Compiled by Fagan and psychologist Nicholas Zill and released by the Family Research Council’s Marriage & Religion Research Institute, the data shows that:
— The intact family rate is highest in the Northeast (49.6 percent) and lowest in the South (41.8)
— Minnesota (57) and Utah (56.5) have the highest intact family rate among all 50 states, with Mississippi (34 percent) the lowest.
— Asians (65.8) have the highest rate among ethnic and racial classes, blacks (16.7) the lowest.
The authors call their report the index of family belonging, and they say there is a direct correlation between a low “family belonging” rate, and high poverty and low graduation rates.
UPDATE: A reader sent me the following e-mail, which offers another perspective, along with a response to some comments:
1) The Family Research Council is NOT an unbiased organization, and their data is not peer-reviewed. Their data shouldn’t be trusted, and isn’t taken as credible in most contexts. The group’s existence and funding rest on trotting out such data on a regular basis. (Note – they don’t cite the study that points out that children of lesbian couples tend to fare best overall: http://www.foxnews.com/story/0,2933,594090,00.html – are they overlooking that conclusion?)
2) Which came first, the stigmatization, or the suffering? If we all treated every family we meet as a Holy Family, asking how to help rather than judging based on family composition, would outcomes be different?
My own subjectivity – I’m one of those ghastly “single parents”. My parochial-school educated son is taking online math through [a university] because he’s blown through his school’s curriculum, and then some. Suggestions that he “can hardly compete with those who have the advantage of two involved parents” simply strain credulity. If I weren’t in a charitable mood, I’d find that assertion infuriating. Instead, I think it’s just silly and untrue. But to the extent he is successful, it’s no thanks to sanctimonious “Christian” attitudes like those expressed here tonight.
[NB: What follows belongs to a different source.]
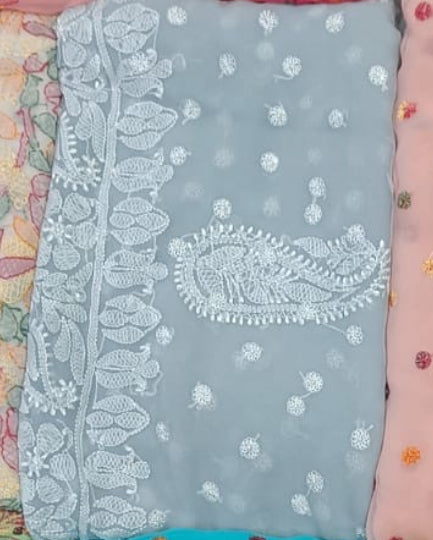 Georgette Saree with chikankari Keel Jaal Embroidery – Elegant Palla Work | Famaza Couture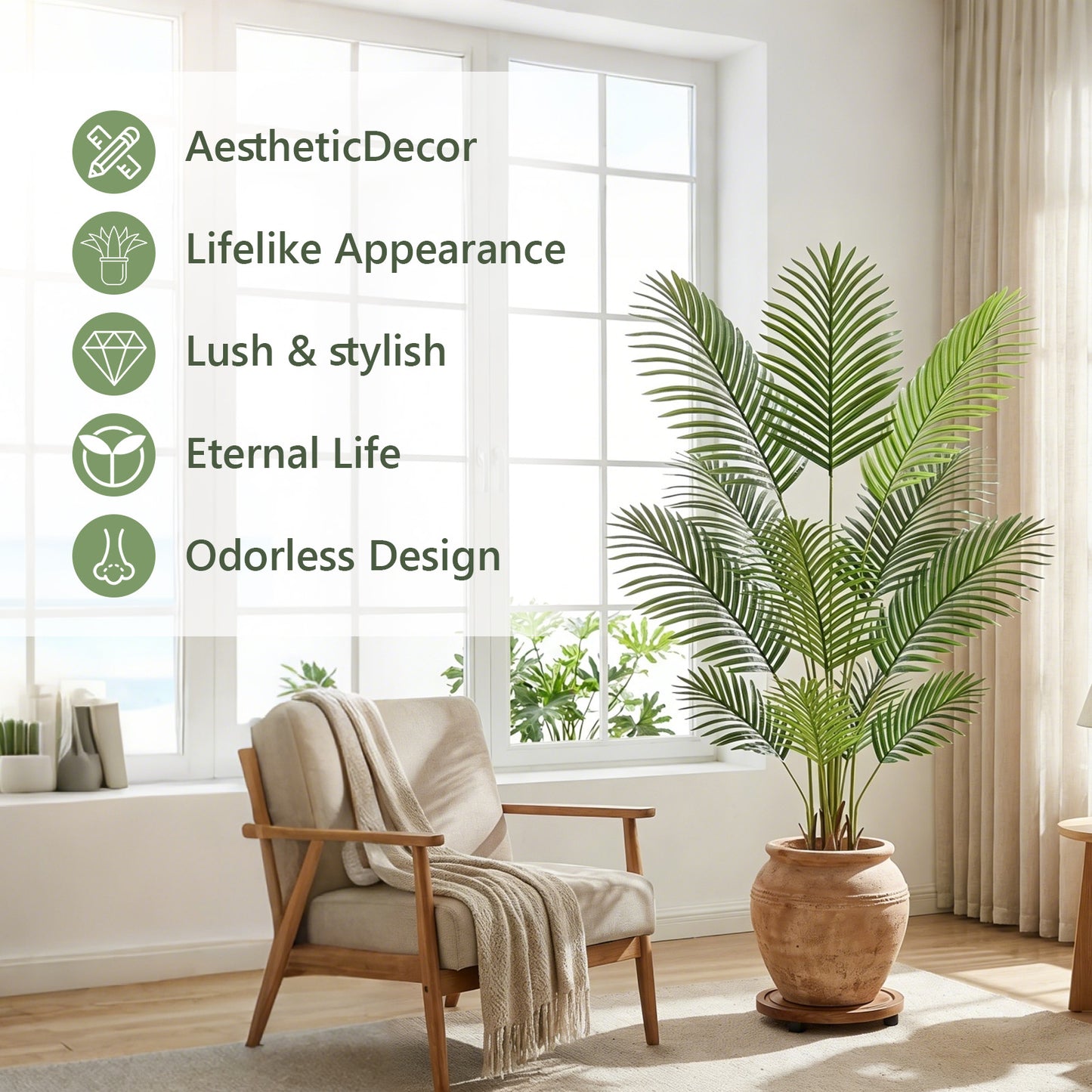 4ft Artificial Palm Plants, 4ft Palm Tree, Pre Potted Faux Greenry Tree for Home Decor Office House Living Room Indoor Outdoor, Big Plants House Plants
The difference? Privilege, to be sure – and yes, social and spiritual support. We’ve experienced nothing but love and acceptance from our family, our parish, his schools, our friends. We single parents – even Catholic ones – support one another, too, across race, class, and gender lines, because all too often we encounter attitudes like the ones here, which get bonus points for being pious, but no, won’t ever “get a more positive reception” because you’re simply focusing on the wrong question. Do you really love these families, these kids? Or do you love your stereotypes and piety more?
If we treated every single family we encountered as Holy – regardless of the composition, regardless of whether the kids were initially “wanted” – how might that change our world? Our Church?